● Task description: Look below for the line containing "Raised On Blacktop®" and the line containing "Used 2024 Ford"; repeat exactly those two lines and all lines between them, and nothing else.

● Given information:
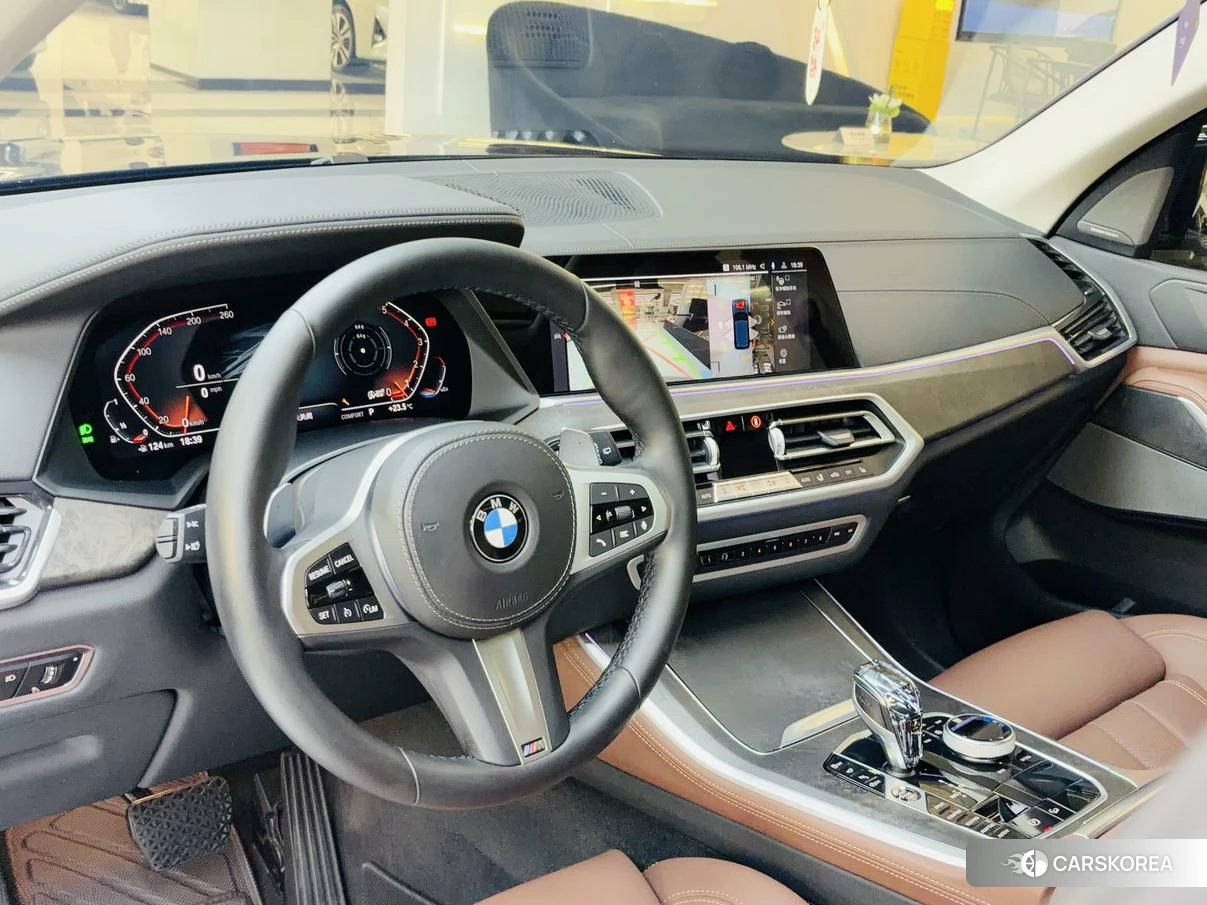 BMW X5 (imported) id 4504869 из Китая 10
--
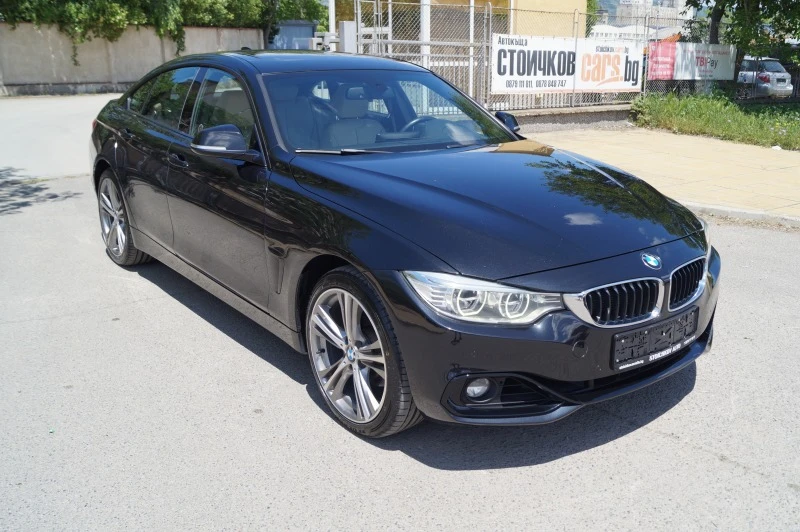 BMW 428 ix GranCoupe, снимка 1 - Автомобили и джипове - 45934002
* * *
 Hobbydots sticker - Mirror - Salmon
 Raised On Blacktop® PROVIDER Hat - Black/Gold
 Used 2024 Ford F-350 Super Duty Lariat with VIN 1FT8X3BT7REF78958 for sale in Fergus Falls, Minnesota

● Answer below:
 Raised On Blacktop® PROVIDER Hat - Black/Gold
 Used 2024 Ford F-350 Super Duty Lariat with VIN 1FT8X3BT7REF78958 for sale in Fergus Falls, Minnesota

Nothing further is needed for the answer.